The most useful way to understand Michael Psaros’ career is not to treat it as a celebrity profile of a private equity executive. It is better to view it as a case study in how experience becomes investment philosophy. Many investors develop their style from textbooks, market cycles, mentors, or painful mistakes. Psaros’ style appears deeply shaped by industrial reality: factories closing, workers adapting, communities fighting to survive, and capital deciding whether it wants to be a builder or a tourist.

One practical experience related to this topic is the difference between looking at a struggling company from far away and walking the floor. From far away, a troubled manufacturer may look like a bundle of problems: declining margins, inefficient plants, customer concentration, union complexity, outdated equipment, and too much debt. Up close, the same company may reveal hidden strengths: loyal customers, skilled workers, proprietary processes, strong product reputation, or underused assets. The opportunity comes from separating fixable problems from fatal ones.

This distinction matters for all types of investing. A public company with temporary earnings pressure may be undervalued if its core franchise remains strong. A private business may be worth buying if its operations are messy but its customer demand is durable. A real estate asset may be unattractive on paper but valuable after renovation, repositioning, or better management. In each case, the investor’s job is not to fall in love with distress. The job is to identify whether improvement is possible, measurable, and worth the required capital.

Another experience connected to Psaros’ approach is the importance of operational humility. Finance professionals sometimes assume capital is the hero of every story. Capital is important, of course. Without it, companies cannot invest, hire, modernize, or expand. But capital alone does not repair a production bottleneck, improve safety culture, reduce scrap rates, launch a better product, or rebuild customer trust. That work requires operators. It requires engineers, plant managers, sales teams, procurement specialists, and frontline employees who understand reality before reality becomes a chart.
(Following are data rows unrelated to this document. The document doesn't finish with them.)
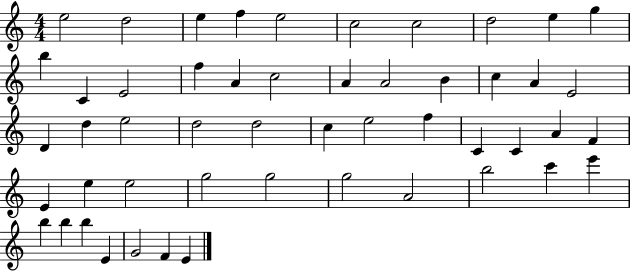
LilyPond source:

{
  \clef treble
  \numericTimeSignature
  \time 4/4
  \key c \major
  e''2 d''2 | e''4 f''4 e''2 | c''2 c''2 | d''2 e''4 g''4 | \break b''4 c'4 e'2 | f''4 a'4 c''2 | a'4 a'2 b'4 | c''4 a'4 e'2 | \break d'4 d''4 e''2 | d''2 d''2 | c''4 e''2 f''4 | c'4 c'4 a'4 f'4 | \break e'4 e''4 e''2 | g''2 g''2 | g''2 a'2 | b''2 c'''4 e'''4 | \break b''4 b''4 b''4 e'4 | g'2 f'4 e'4 | \bar "|."
}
Investors can also learn from the way KPS thinks about cycles. Economic cycles are unavoidable. Credit gets loose, then tight. Demand rises, then slows. Supply chains stretch, then snap back. The fashionable investor complains about cycles; the disciplined investor prepares for them. Psaros’ model focuses on businesses that can be improved across industrial and financial cycles, not only when markets are sunny and everyone suddenly believes they are a genius because their portfolio went up.
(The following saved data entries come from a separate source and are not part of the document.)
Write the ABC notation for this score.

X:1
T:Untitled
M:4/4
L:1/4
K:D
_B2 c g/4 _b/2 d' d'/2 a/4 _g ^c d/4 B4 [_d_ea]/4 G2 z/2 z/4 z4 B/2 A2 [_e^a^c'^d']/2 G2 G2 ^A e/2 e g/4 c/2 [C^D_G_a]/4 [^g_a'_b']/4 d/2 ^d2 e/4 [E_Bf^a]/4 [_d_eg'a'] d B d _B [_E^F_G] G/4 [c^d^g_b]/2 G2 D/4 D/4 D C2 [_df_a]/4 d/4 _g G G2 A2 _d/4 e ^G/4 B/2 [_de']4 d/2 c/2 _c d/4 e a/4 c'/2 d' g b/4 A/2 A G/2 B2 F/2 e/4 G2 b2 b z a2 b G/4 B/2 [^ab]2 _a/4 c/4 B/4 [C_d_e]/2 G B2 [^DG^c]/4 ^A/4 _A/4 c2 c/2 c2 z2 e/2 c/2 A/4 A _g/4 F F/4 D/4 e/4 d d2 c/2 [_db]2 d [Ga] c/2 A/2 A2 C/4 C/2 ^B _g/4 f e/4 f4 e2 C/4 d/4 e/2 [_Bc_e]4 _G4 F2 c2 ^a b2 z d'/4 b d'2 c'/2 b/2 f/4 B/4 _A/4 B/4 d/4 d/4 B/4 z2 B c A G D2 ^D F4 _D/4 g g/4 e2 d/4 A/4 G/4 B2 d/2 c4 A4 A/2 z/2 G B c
A final experience is the value of reputation. In complex carve-outs and restructurings, sellers care about certainty, workers care about continuity, management cares about resources, and investors care about returns. A firm that repeatedly shows it can close difficult transactions and operate responsibly gains an advantage that cannot be manufactured overnight. Reputation becomes a form of currency. Unlike actual currency, it is very hard to borrow and very easy to lose.

For readers building their own investment framework, the Michael Psaros story points toward several durable habits: study businesses deeply, respect operators, avoid overpaying, think in cycles, and create value through improvement rather than hope. Hope is lovely in birthday cards. It is less reliable as an investment strategy.

Conclusion

Michael Psaros’ career and investing approach offer a powerful reminder that private equity does not have to be only about leverage, timing, and exit multiples. At its best, it can be about rebuilding businesses, improving operations, supporting management teams, and creating lasting value in sectors that still matter deeply to the real economy.

His journey from Weirton, West Virginia, to co-founding KPS Capital Partners shows how personal experience can shape professional conviction. The KPS modelprice discipline, operational transformation, stakeholder engagement, and manufacturing expertisestands out in a market where easy gains are harder to find. For investors, business leaders, and anyone interested in private markets, the lesson is refreshingly practical: buy carefully, improve relentlessly, and never confuse a clever deal structure with a better business.